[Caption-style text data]
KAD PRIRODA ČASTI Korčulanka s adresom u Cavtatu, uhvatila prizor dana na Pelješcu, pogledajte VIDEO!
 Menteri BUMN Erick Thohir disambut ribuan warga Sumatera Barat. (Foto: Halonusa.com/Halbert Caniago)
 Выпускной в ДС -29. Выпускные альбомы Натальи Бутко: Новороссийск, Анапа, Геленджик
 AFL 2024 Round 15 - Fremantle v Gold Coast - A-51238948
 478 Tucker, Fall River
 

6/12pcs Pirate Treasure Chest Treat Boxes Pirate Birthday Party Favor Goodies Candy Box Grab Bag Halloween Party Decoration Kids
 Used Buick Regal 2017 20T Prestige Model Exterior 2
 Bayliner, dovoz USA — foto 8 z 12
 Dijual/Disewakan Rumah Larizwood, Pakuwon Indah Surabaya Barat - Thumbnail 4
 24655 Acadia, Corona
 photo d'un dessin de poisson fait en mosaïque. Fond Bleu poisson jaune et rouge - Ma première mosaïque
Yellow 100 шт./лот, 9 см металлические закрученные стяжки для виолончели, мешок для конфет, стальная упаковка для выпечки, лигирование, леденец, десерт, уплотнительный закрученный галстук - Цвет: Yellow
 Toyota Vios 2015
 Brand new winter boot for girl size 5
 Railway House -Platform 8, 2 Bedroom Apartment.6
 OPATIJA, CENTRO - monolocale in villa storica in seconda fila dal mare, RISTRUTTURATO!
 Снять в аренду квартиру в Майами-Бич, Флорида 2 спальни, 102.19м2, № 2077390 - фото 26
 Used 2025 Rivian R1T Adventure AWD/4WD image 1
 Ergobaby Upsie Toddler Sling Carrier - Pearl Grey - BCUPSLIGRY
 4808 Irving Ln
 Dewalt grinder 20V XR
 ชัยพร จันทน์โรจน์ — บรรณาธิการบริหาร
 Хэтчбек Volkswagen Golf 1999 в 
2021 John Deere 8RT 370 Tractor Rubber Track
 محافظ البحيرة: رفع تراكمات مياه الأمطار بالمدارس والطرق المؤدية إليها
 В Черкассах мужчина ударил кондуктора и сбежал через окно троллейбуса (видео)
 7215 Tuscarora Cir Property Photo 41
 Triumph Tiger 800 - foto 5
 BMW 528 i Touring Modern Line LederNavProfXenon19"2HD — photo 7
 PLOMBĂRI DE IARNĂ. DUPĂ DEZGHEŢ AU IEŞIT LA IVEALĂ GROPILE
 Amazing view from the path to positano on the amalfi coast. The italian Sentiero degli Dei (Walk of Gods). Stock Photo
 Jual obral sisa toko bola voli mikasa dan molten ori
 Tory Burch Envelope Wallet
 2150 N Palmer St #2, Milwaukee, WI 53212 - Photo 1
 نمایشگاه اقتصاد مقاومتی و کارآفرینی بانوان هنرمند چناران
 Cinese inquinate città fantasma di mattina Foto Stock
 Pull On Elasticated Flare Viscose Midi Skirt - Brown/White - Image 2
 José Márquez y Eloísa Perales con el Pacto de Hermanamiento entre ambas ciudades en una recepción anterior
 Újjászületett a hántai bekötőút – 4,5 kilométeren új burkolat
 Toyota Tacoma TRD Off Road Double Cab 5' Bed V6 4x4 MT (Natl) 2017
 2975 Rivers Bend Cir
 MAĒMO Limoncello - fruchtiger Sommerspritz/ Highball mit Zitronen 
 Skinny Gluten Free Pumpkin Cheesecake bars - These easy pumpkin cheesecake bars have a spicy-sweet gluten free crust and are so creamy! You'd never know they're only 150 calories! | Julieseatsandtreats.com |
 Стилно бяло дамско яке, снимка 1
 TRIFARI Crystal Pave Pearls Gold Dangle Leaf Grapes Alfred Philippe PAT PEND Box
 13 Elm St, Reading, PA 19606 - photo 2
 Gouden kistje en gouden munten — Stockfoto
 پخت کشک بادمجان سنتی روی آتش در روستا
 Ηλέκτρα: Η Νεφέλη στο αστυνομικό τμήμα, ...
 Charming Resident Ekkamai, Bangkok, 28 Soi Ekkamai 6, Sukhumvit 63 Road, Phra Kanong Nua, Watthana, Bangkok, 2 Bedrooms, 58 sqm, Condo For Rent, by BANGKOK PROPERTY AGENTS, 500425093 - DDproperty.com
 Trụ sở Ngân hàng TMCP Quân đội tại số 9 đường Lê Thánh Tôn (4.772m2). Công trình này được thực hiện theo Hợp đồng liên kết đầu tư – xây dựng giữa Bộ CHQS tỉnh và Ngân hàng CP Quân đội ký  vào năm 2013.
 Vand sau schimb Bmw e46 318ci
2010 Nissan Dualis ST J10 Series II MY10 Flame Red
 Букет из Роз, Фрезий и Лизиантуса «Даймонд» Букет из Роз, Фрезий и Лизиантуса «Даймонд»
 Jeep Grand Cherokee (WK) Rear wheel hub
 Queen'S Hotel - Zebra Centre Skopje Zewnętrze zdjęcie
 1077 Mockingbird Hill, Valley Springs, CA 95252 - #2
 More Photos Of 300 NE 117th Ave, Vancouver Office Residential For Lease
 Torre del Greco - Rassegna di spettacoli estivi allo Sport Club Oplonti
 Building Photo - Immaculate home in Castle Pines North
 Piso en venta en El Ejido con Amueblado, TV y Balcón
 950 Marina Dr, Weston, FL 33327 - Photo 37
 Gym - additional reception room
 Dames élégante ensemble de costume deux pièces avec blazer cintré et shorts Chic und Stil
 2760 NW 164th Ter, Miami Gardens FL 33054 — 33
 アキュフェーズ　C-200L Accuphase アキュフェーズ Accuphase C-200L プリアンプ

● **TASK INSTRUCTIONS**: The data must be transcribed in full. Every word stays the same.

● **REPLY**:
KAD PRIRODA ČASTI Korčulanka s adresom u Cavtatu, uhvatila prizor dana na Pelješcu, pogledajte VIDEO!
 Menteri BUMN Erick Thohir disambut ribuan warga Sumatera Barat. (Foto: Halonusa.com/Halbert Caniago)
 Выпускной в ДС -29. Выпускные альбомы Натальи Бутко: Новороссийск, Анапа, Геленджик
 AFL 2024 Round 15 - Fremantle v Gold Coast - A-51238948
 478 Tucker, Fall River
 

6/12pcs Pirate Treasure Chest Treat Boxes Pirate Birthday Party Favor Goodies Candy Box Grab Bag Halloween Party Decoration Kids
 Used Buick Regal 2017 20T Prestige Model Exterior 2
 Bayliner, dovoz USA — foto 8 z 12
 Dijual/Disewakan Rumah Larizwood, Pakuwon Indah Surabaya Barat - Thumbnail 4
 24655 Acadia, Corona
 photo d'un dessin de poisson fait en mosaïque. Fond Bleu poisson jaune et rouge - Ma première mosaïque
Yellow 100 шт./лот, 9 см металлические закрученные стяжки для виолончели, мешок для конфет, стальная упаковка для выпечки, лигирование, леденец, десерт, уплотнительный закрученный галстук - Цвет: Yellow
 Toyota Vios 2015
 Brand new winter boot for girl size 5
 Railway House -Platform 8, 2 Bedroom Apartment.6
 OPATIJA, CENTRO - monolocale in villa storica in seconda fila dal mare, RISTRUTTURATO!
 Снять в аренду квартиру в Майами-Бич, Флорида 2 спальни, 102.19м2, № 2077390 - фото 26
 Used 2025 Rivian R1T Adventure AWD/4WD image 1
 Ergobaby Upsie Toddler Sling Carrier - Pearl Grey - BCUPSLIGRY
 4808 Irving Ln
 Dewalt grinder 20V XR
 ชัยพร จันทน์โรจน์ — บรรณาธิการบริหาร
 Хэтчбек Volkswagen Golf 1999 в 
2021 John Deere 8RT 370 Tractor Rubber Track
 محافظ البحيرة: رفع تراكمات مياه الأمطار بالمدارس والطرق المؤدية إليها
 В Черкассах мужчина ударил кондуктора и сбежал через окно троллейбуса (видео)
 7215 Tuscarora Cir Property Photo 41
 Triumph Tiger 800 - foto 5
 BMW 528 i Touring Modern Line LederNavProfXenon19"2HD — photo 7
 PLOMBĂRI DE IARNĂ. DUPĂ DEZGHEŢ AU IEŞIT LA IVEALĂ GROPILE
 Amazing view from the path to positano on the amalfi coast. The italian Sentiero degli Dei (Walk of Gods). Stock Photo
 Jual obral sisa toko bola voli mikasa dan molten ori
 Tory Burch Envelope Wallet
 2150 N Palmer St #2, Milwaukee, WI 53212 - Photo 1
 نمایشگاه اقتصاد مقاومتی و کارآفرینی بانوان هنرمند چناران
 Cinese inquinate città fantasma di mattina Foto Stock
 Pull On Elasticated Flare Viscose Midi Skirt - Brown/White - Image 2
 José Márquez y Eloísa Perales con el Pacto de Hermanamiento entre ambas ciudades en una recepción anterior
 Újjászületett a hántai bekötőút – 4,5 kilométeren új burkolat
 Toyota Tacoma TRD Off Road Double Cab 5' Bed V6 4x4 MT (Natl) 2017
 2975 Rivers Bend Cir
 MAĒMO Limoncello - fruchtiger Sommerspritz/ Highball mit Zitronen 
 Skinny Gluten Free Pumpkin Cheesecake bars - These easy pumpkin cheesecake bars have a spicy-sweet gluten free crust and are so creamy! You'd never know they're only 150 calories! | Julieseatsandtreats.com |
 Стилно бяло дамско яке, снимка 1
 TRIFARI Crystal Pave Pearls Gold Dangle Leaf Grapes Alfred Philippe PAT PEND Box
 13 Elm St, Reading, PA 19606 - photo 2
 Gouden kistje en gouden munten — Stockfoto
 پخت کشک بادمجان سنتی روی آتش در روستا
 Ηλέκτρα: Η Νεφέλη στο αστυνομικό τμήμα, ...
 Charming Resident Ekkamai, Bangkok, 28 Soi Ekkamai 6, Sukhumvit 63 Road, Phra Kanong Nua, Watthana, Bangkok, 2 Bedrooms, 58 sqm, Condo For Rent, by BANGKOK PROPERTY AGENTS, 500425093 - DDproperty.com
 Trụ sở Ngân hàng TMCP Quân đội tại số 9 đường Lê Thánh Tôn (4.772m2). Công trình này được thực hiện theo Hợp đồng liên kết đầu tư – xây dựng giữa Bộ CHQS tỉnh và Ngân hàng CP Quân đội ký  vào năm 2013.
 Vand sau schimb Bmw e46 318ci
2010 Nissan Dualis ST J10 Series II MY10 Flame Red
 Букет из Роз, Фрезий и Лизиантуса «Даймонд» Букет из Роз, Фрезий и Лизиантуса «Даймонд»
 Jeep Grand Cherokee (WK) Rear wheel hub
 Queen'S Hotel - Zebra Centre Skopje Zewnętrze zdjęcie
 1077 Mockingbird Hill, Valley Springs, CA 95252 - #2
 More Photos Of 300 NE 117th Ave, Vancouver Office Residential For Lease
 Torre del Greco - Rassegna di spettacoli estivi allo Sport Club Oplonti
 Building Photo - Immaculate home in Castle Pines North
 Piso en venta en El Ejido con Amueblado, TV y Balcón
 950 Marina Dr, Weston, FL 33327 - Photo 37
 Gym - additional reception room
 Dames élégante ensemble de costume deux pièces avec blazer cintré et shorts Chic und Stil
 2760 NW 164th Ter, Miami Gardens FL 33054 — 33
 アキュフェーズ　C-200L Accuphase アキュフェーズ Accuphase C-200L プリアンプ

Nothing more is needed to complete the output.